A feminist Jungian interpretation of Lilith, this book is a fun and interesting read and can serve to spark an interest in Lilith for those with no background on her. It is, however, not of much use to those wanting to do scholarly research into Lilith or even just for those seeking a general overview of Lilith. Koltuv falls into the trap that many Jungians do of not clearly distinguishing archetypal connections and historical connections between things which leads her to make claims that are simply not sustainable historically, such as claiming that Lilith appears in Teutonic mythology. (The closest thing to this claim would be her appearing in Ashkenazic myth, which is hardly the same thing as Teutonic.) Also, she engages in the same baseless gender essentialism as do most Jungians, only this time it’s from a feminist perspective instead of the more standard one. The book is not entirely useless, however–it collects many interesting images, as well as fascinating excerpts of various works. Not all of these images and excerpts are directly connected to Lilith, however, and the reader should not assume that they are merely by their being included in this book.

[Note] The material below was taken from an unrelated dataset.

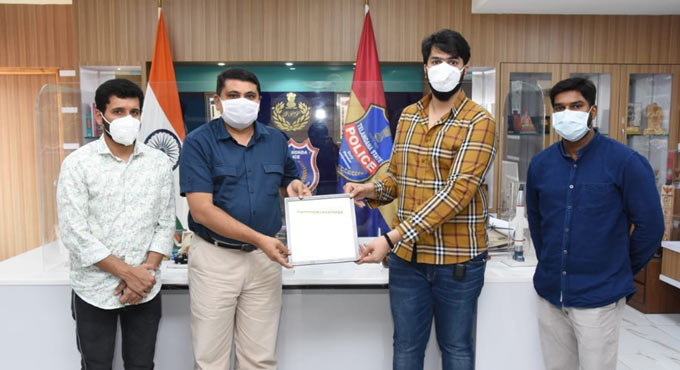 Hetch, Oxyvision donate Oxygen cylinders to Rachakonda police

Renee Rosen-Wakeford reviews Lilith—The First Eve: Historical and Psychological Aspects of the Dark Feminine by Siegmund Hurwitz in the Bkwyrm archive.

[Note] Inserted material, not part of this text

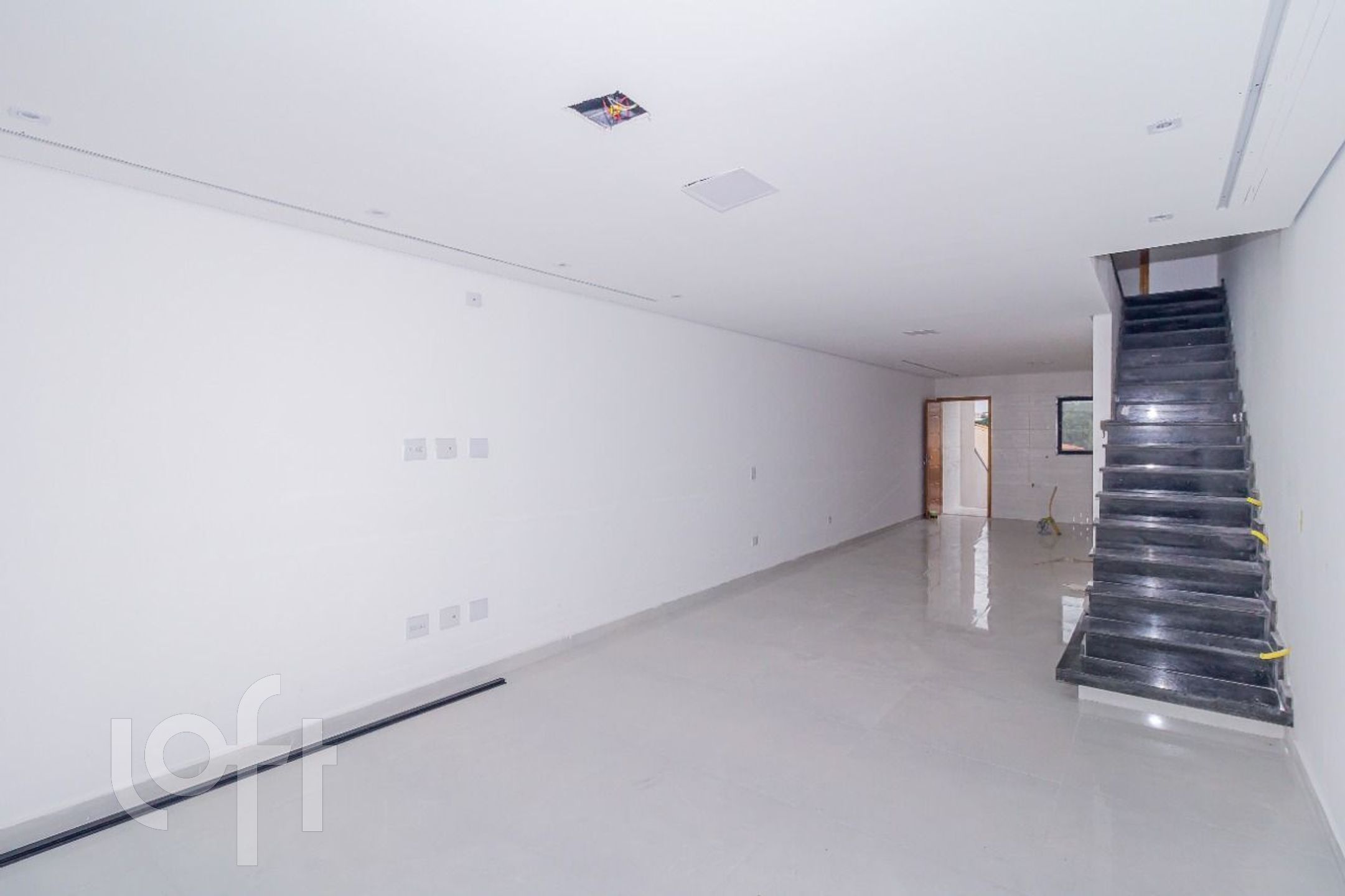 Casa à venda em Penha com 190 m², 3 quartos, 3 suí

Unlike many Jungians, such as Barbara Black Koltuv (author of “The Book of Lilith”), Hurwitz can clearly separate the historical from the archetypal, and he divides this book accordingly into two separate sections: a historical overview of Lilith and a Jungian interpretation of the archetype she represents. His historical section is very good for the most part, but the psychological section is marred by both his anti-feminist stance and the typical Jungian essentialist approach to gender. Hurwitz seems sincerely afraid that women might identify with or draw strength from Lilith, and he goes to great pains to disparage those women who attempt to do so. For instance, he rightly criticizes many feminist writers for their lack of historical accuracy when discussing Lilith yet does not call to task the many non-feminist writers who do the exact same thing. Fortunately, the historical overview leaves out much of his anti-feminism and gender essentialism and serves as a decent survey of previous research on Lilith and her origins.
Renee Rosen-Wakeford reviews Idols of Perversity: Fantasies of Feminine Evil in Fin-De-Siècle Culture by Bram Dijkstra in the Bkwyrm archive.

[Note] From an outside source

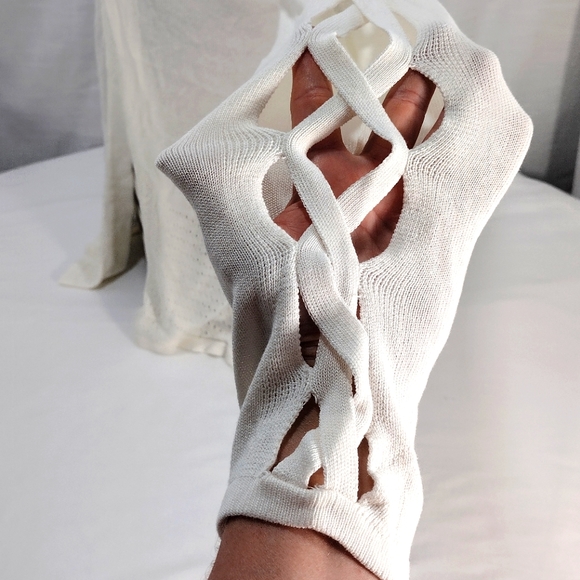 August Moon Cream Rayon Thin Knit Eyelet Criss Cross Cut-Out Sleeve Cardigan - Picture 8 of 14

Although technically this book has nothing to do with the occult per se–it’s a discussion of feminine imagery and misogyny in the art of the end of the nineteenth and the beginning of the twentieth century–it is illuminating for those interested in the cultural milieu from which the concept of the Great Goddess emerged. Whether or not you believe that the ancients actually worshipped one Great Mother Goddess, it’s clear that much of the Wiccan (and general Neopagan) concept the Goddess has been heavily influenced by turn of the century ideas of the Feminine, and a knowledge of these ideas is essential in order to comprehend modern beliefs about the Goddess and why these beliefs often differ from ancient beliefs about individual goddesses. In a few places, the author’s reasoning becomes a bit strained as he tries to discover the connections between various images and ideas, but overall, this is a fascinating survey of the idea of the Feminine in the turn of the century.